– В таком случае почему бы нам немножко не посидеть на обочине? – предложила она.
– Да ничего страшного, – заверила я ее. – Все в порядке.
Мимо пронеслась машина, обдав нас тучей горячих выхлопных газов и пыли. Из-за зноя Розалин вся лоснилась от пота. Она то и дело отирала лицо и тяжело дышала.
Мы приближались к Эбенезерской баптистской церкви, прихожанами которой были мы с Ти-Рэем. Ее шпиль торчал посреди купы развесистых деревьев; краснокирпичное здание под ними даже на вид казалось тенистым и прохладным.
– Идем, – сказала я ей, сворачивая на подъездную дорогу.
– Ты куда это собралась?
– Мы можем отдохнуть в церкви.
Воздух внутри был темным и неподвижным, исполосованный косыми лучами света, падавшими с боковых окон – не тех красивых витражей, которые вы сейчас себе представили, а молочно-белесых стеклянных панелей, сквозь которые почти ничего-то и не разглядишь.
Я прошла вперед и села во втором ряду скамей, оставив рядом место для Розалин. Она вынула веер из держателя для молитвенника и принялась рассматривать на нем картинку – белую церковь с улыбающейся выходящей из дверей белой леди.
Розалин обмахивалась, и я ощущала легкие потоки воздуха, слетавшие с ее рук. Она сама никогда не ходила в церковь, но в тех немногих случаях, когда Ти-Рэй позволял мне бывать у нее дома, в лесной хижине, я видела особую полочку с огарком свечи, галькой из ручья, рыжеватым птичьим пером и куском корня Иоанна Завоевателя, а прямо в центре всего этого стояла – просто так, без рамки – фотография женщины.
Впервые увидев ее, я спросила Розалин: «Это ты?» – поскольку, клянусь, эта женщина была один в один она, с курчавой челкой, иссиня-черной кожей, узкими глазами, с телом, расширявшимся книзу и оттого напоминавшим баклажан.
– Это моя мама, – ответила она.
По бокам фотографии, в тех местах, где ее брали пальцами, глянец стерся. Полочка Розалин была как-то связана с религией, которую она придумала для себя, этакой смесью поклонения природе и предкам. Она перестала ходить в Молитвенный дом полной евангельской святости, местную негритянскую церковь, много лет назад, потому что службы там начинались в десять утра и заканчивались только в три часа дня, а такой порцией религии, как она говорила, можно и взрослого человека с ног свалить.

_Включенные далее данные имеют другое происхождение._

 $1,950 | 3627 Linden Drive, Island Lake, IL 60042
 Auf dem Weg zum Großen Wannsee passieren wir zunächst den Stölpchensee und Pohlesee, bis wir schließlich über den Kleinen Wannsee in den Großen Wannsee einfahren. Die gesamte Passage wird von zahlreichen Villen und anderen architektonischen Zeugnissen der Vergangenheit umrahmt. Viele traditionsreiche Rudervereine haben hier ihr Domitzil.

Ти-Рэй говорил, что религия Розалин – полное юродство, и велел мне держаться от нее подальше. Но меня привлекала мысль о том, что Розалин любила речные камушки и перья дятла, а еще у нее была одна-единственная фотография матери, совсем как у меня.
Одна из церковных дверей отворилась, и брат Джеральд, наш священник, вошел в алтарь.
– Помилуй, Боже, Лили, что ты здесь делаешь?
Тут он увидел Розалин и принялся потирать лысину, пребывая в таком волнении, что мне показалось, он вот-вот протрет ее до кости.
– Мы шли в город и зашли сюда, чтобы немного остыть.
Его губы округлились, формируя восклицание «О!», но из них не вылетело ни звука; брат Джеральд был слишком увлечен созерцанием Розалин в его церкви – Розалин, которая не нашла лучшего времени, чтобы выпустить струю слюны в свою плевательницу.
Забавно, как иногда вылетают из головы правила! Розалин не полагалось заходить сюда. Каждый раз, когда кто-то пускал слух, что группа негров собирается помолиться с нами воскресным утром, священники вставали на церковном крыльце, взявшись за руки, чтобы не пустить их. Мы любим их во Господе нашем, говорил брат Джеральд, но у них есть собственные молитвенные дома.